[[ MATERIAL SUPPLIED, beginning ]]

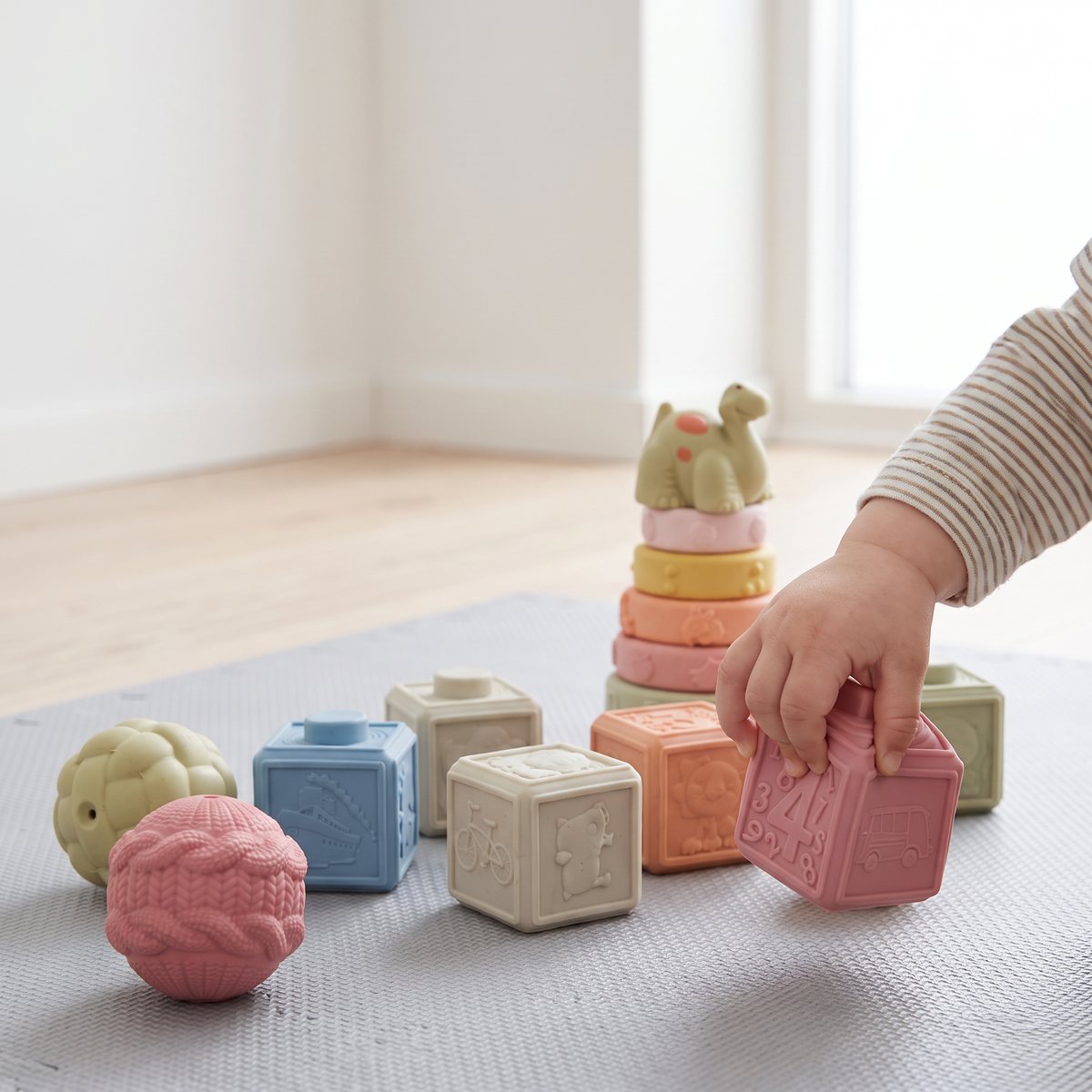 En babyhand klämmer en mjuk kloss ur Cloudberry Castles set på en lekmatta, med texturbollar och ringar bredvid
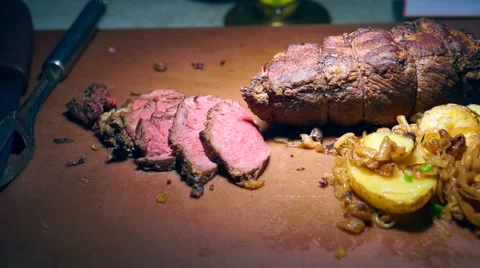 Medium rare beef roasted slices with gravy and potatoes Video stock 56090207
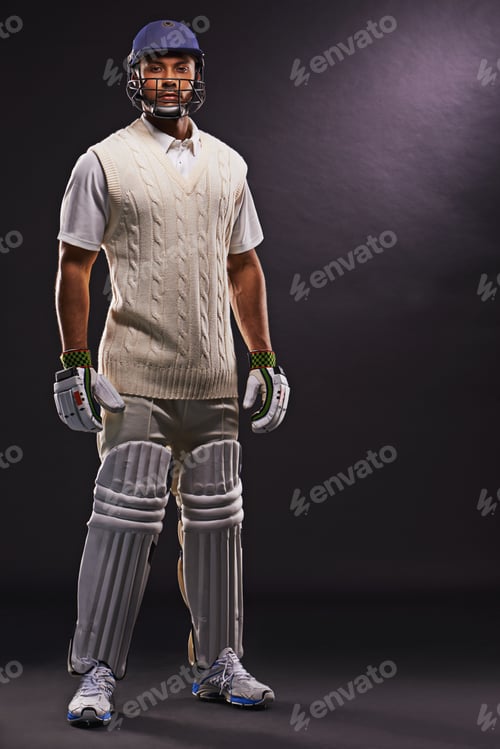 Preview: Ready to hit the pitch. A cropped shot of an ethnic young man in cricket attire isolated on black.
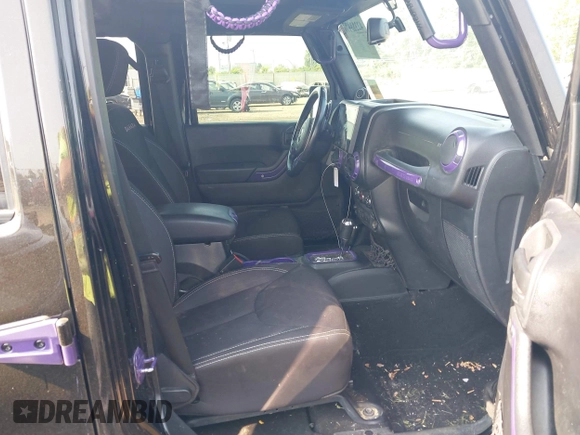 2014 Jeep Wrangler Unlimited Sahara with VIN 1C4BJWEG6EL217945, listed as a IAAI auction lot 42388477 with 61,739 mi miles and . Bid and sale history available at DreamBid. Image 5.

[[ MATERIAL SUPPLIED, end ]]
[[ MATERIAL SUPPLIED, beginning ]]

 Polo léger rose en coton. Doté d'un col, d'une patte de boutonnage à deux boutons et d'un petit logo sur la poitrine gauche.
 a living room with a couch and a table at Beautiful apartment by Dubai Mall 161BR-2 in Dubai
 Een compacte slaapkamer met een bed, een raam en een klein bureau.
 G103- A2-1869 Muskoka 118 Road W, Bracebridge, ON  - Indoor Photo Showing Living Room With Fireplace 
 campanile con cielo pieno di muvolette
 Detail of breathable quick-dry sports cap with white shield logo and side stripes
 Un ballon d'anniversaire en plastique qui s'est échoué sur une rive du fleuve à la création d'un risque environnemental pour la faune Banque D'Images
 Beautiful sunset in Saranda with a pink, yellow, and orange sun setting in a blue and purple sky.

[[ MATERIAL SUPPLIED, end ]]
[[ MATERIAL SUPPLIED, beginning ]]

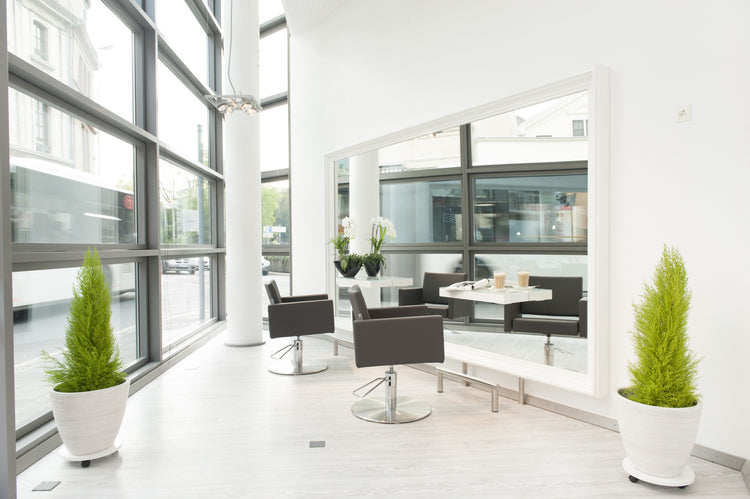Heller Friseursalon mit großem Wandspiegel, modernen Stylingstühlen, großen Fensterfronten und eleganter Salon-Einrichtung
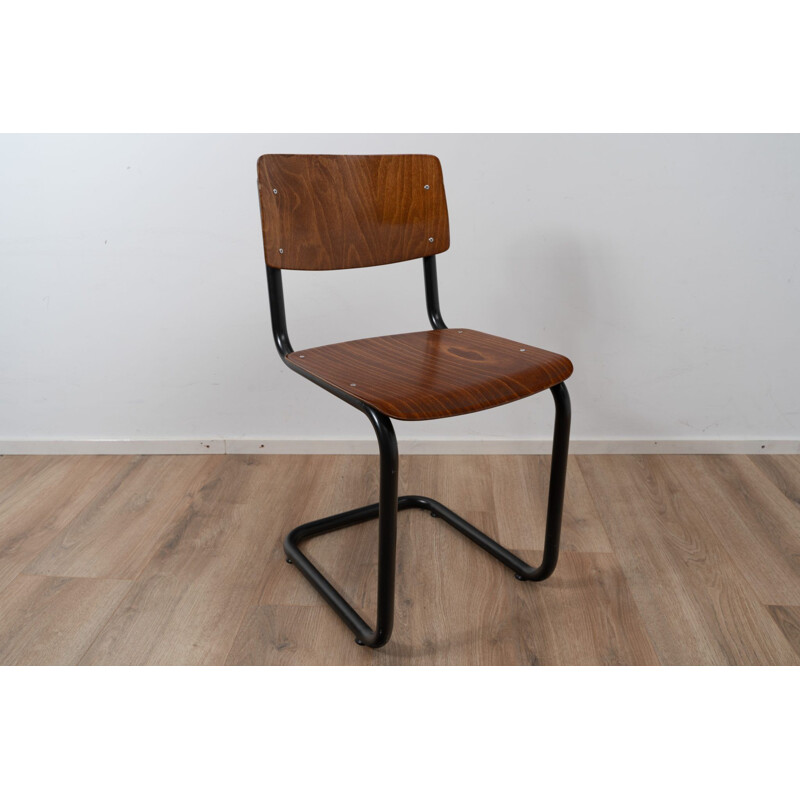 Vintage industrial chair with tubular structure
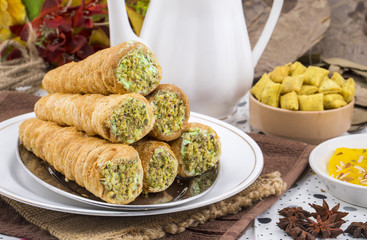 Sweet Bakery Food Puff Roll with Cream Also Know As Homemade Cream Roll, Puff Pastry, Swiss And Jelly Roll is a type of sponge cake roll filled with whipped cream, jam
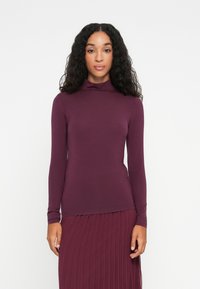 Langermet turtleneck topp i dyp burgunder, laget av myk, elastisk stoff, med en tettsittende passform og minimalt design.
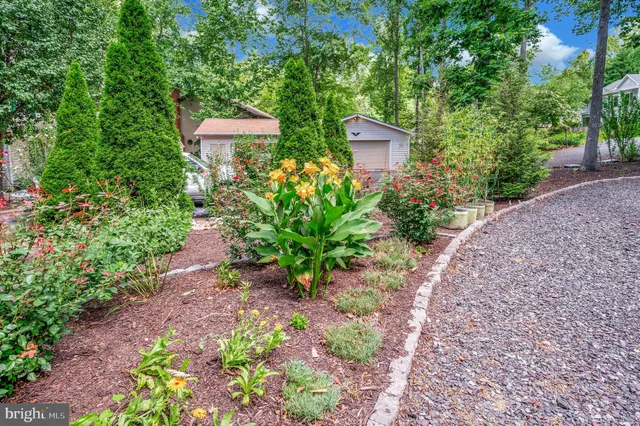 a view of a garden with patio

[[ MATERIAL SUPPLIED, end ]]

WHAT TO WORK ON: Leaving out each picture, repeat exactly the lines above from the one that contains "Langermet turtleneck topp" through the one that contains "a view of a garden with patio".

TASK RESPONSE:
 Langermet turtleneck topp i dyp burgunder, laget av myk, elastisk stoff, med en tettsittende passform og minimalt design.
 a view of a garden with patio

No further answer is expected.